06. Oktober 2023, 21:25 Uhr

"Wohnen muss als öffentliche Daseinsvorsorge, als öffentliche Aufgabe die Bedürfnisse von Menschen erfüllen und nicht in erster Linie Geld erwirtschaften", ließ Roman Grabolle vom Netzwerk "Leipzig – eine Stadt für alle" verkünden. Wie sah es mit Wohnungswirtschaft und dem Städtebau nach 1990 aus? Dies wird anhand des Projektes "Netzwerk Leipzig - eine Stadt für alle" gezeigt.
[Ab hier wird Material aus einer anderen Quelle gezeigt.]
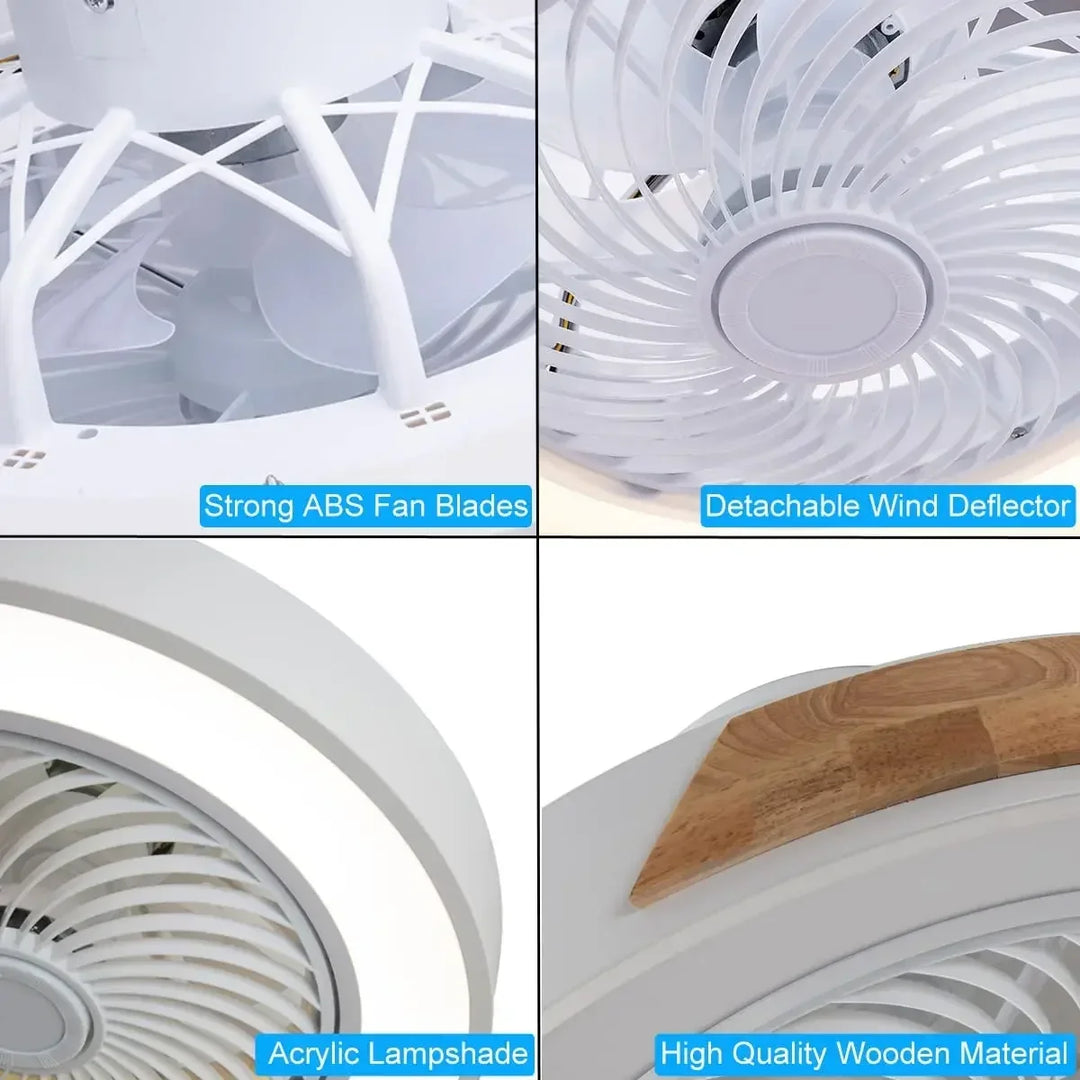 Modern  Wood Ceiling Fan Light with Remote Control Dimmable 3 Color Timing LED Fan Lamp Indoor ceiling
Die DDR hatte (nach offiziellen Angaben) 1989 rund 17 Mio. Einwohner. Im Jahr 2020 lebten in den fünf ostdeutschen Ländern (ohne Berlin) rund 12,6 Mio. Menschen. Nach den Ereignissen von 1989 hatten diese Gebiete einem Bevölkerungsrückgang von bis zu 23,2 Prozent (Sachsen-Anhalt) zu verkraften.

Die westlichen Bundesländer profitierten in dieser Zeit von den vorrangig jungen und bereits ausgebildeten Menschen. Eine weitere, sich nun verschärfende Tendenz war die Abwanderung dieser sozialen Gruppe aus den ländlichen und peripheren Räumen in die wenigen Großstädte in Ostdeutschland, meist die ehemaligen Bezirksstädte. Neben dem ewigen Magnet Berlin waren dies vor allem Erfurt, Dresden und die "Boomtown" Leipzig.

Leerstand überall im Osten

Sowohl die Großstädte als auch der ländliche Raum hatten in den folgenden Jahren mit dem zunehmenden Leerstand in den "geliebten"/"verhassten" Plattenbausiedlungen an den Rändern der Kommunen zu kämpfen. Annähernd 2,5 Mio. Wohnungen waren bis 1989 auf der Basis des sozialen Wohnungsbauprogrammes der SED von 1973 in der gesamten Republik gebaut worden.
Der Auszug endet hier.